“A crase não foi feita pra humilhar ninguém.” A frase de Ferreira Gullar fez escola. José Cândido de Carvalho adaptou-a para o sinalzinho de pontuação responsável por um mar de vítimas. “A vírgula”, escreveu ele, “não foi feita pra humilhar ninguém”. É verdade. Uma e outra têm papel definido. Contribuem para a clareza da mensagem. Dois casos servem de exemplo.
Um
Circula na internet uma brincadeirinha divertida. Ela joga com os diferentes sentidos decorrentes da presença ou da ausência da crase. Veja:
Se você me desse a tarde, eu alegremente a trocaria por uma crase.
Do jeito que está, a tarde funciona como objeto direto. Ela completa o sentido do verbo dar. A gente dá alguma coisa — dinheiro, presente, boa notícia. No caso, a pessoa dá a parte do dia em que o Sol começa a voltar pra casa. Belo e poético presente. Mas o receptor se dispõe a abrir mão dele. Prefere trocá-lo por algo que não está expresso, mas apenas subentendido:
Se você me desse à tarde, eu alegremente a trocaria por uma crase.
À tarde, assim, com acentinho grave, muda o enredo da novela. Em vez de complemento romântico, torna-se adjunto adverbial de tempo. O objeto fica em aberto, entregue ao gosto do freguês. Marcelo Abreu comentou: “Como se diz no Maranhão, é crase cheia de saliência. Com ela, a história mudaria completamente”.
Dois
O amor bate à porta
E tudo é festa.
O amor bate a porta
E nada resta.
A quadra, do piauiense Cineas Santos, também brinca com o acento grave. Como no exemplo anterior, o autor joga com as possibilidades da língua. À porta funciona como adjunto adverbial de lugar. Toc, toc, toc, anuncia ele, louco para entrar.
Em “bate a porta”, porta funciona como complemento do verbo bater. Podemos bater o bolo, bater o ponto, bater o prego. Ele pummmmmmm! Adeus, para nunca mais.
Por falar em crase
Vamos combinar? Só pode brincar com crases & cia. quem conhece as possibilidades da língua. É o caso dos autores analisados. Eles dominam as manhas do acento grave. Não é difícil. Quer ver?
1. Só ocorre crase se dois aa se encontrarem. O casório se dá quando a preposição a encontra outro a. Pode ser o artigo definido, o pronome demonstrativo a, ou o a inicial dos pronomes aquele, aquela, aquilo: O cão é fiel à dona. Entreguei o relatório àquele senador. Fez referência à tradução à qual nos temos dedicado.

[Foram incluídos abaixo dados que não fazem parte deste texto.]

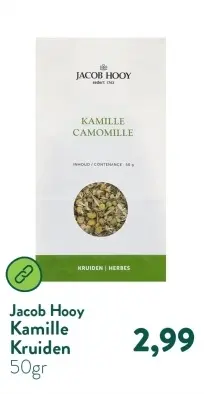 Aanbieding: Kamille Kruiden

2. Excluindo-se o caso dos demonstrativos, só haverá crase antes de palavra feminina, clara ou subentendida: Obedecemos à lei. Fui à Editora Nacional e à (editora) Globo. Canta à (moda de, maneira de) Julio Iglesias.
3. Use a crase em locuções adverbiais, prepositivas e conjuntivas formadas por palavras femininas: à vista, às vezes, às escuras, às pressas, à noite, à tarde, à moda de, às apalpadelas, às tontas, às claras, à direita, à esquerda, à uma hora, à base de, à custa de, à força de, à espera de, à medida que, à proporção que.
Superdica
Forma fácil de descobrir se ocorre crase é substituir a palavra feminina por uma masculina (não precisa ser sinônima). Apareceu ao? Sinal de acento grave:
Fiel à dona. Fiel ao dono.
Fez referência à tradução (ao texto) à qual (texto ao qual) nos temos dedicado.
Saiu à uma hora. Saiu ao meio-dia.
Visitou a amiga. Visitou o amigo.
Leitor pergunta
Vou a Brasília? Vou à Brasília? Nunca sei.
Sara Souza, Guarujá
Substitua o verbo ir por voltar e oriente-se pela quadra:
Se, ao voltar, volto da,
Craseio o a.
Se, ao voltar, volto de,
Crasear pra quê?
Volto de Brasília.
Volto de? Crasear pra quê? Vou a Brasília.